● **RECORDED INFORMATION**:
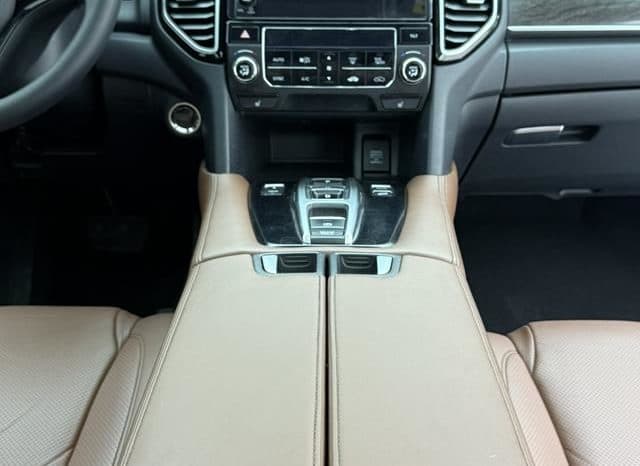 
								Honda UR-V, 2020 full									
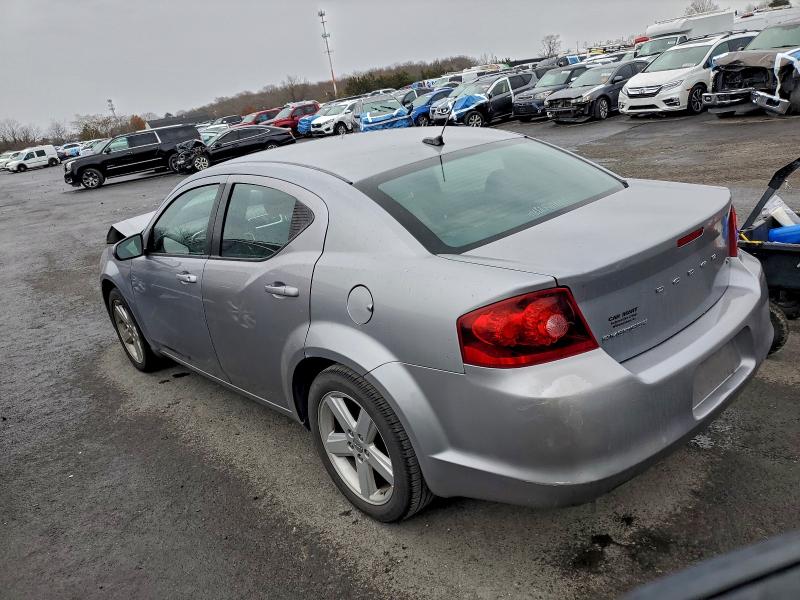 2013 DODGE AVENGER SX #3304673932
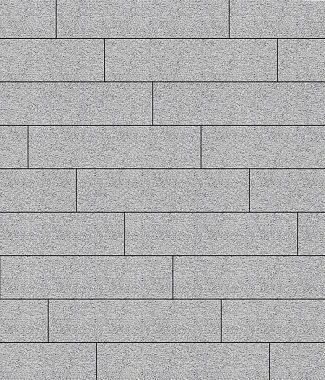 Тротуарная плитка ПРЯМОУГОЛЬНИК Гранит Коричневый В.11.П.10 Выбор 100 мм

● **YOUR GOAL**: What the answer needs is every line from the one containing "2013 DODGE AVENGER SX #3304673932" through the final line of the data above, copied exactly, without pictures.

● **YOUR SOLUTION**:
 2013 DODGE AVENGER SX #3304673932
 Тротуарная плитка ПРЯМОУГОЛЬНИК Гранит Коричневый В.11.П.10 Выбор 100 мм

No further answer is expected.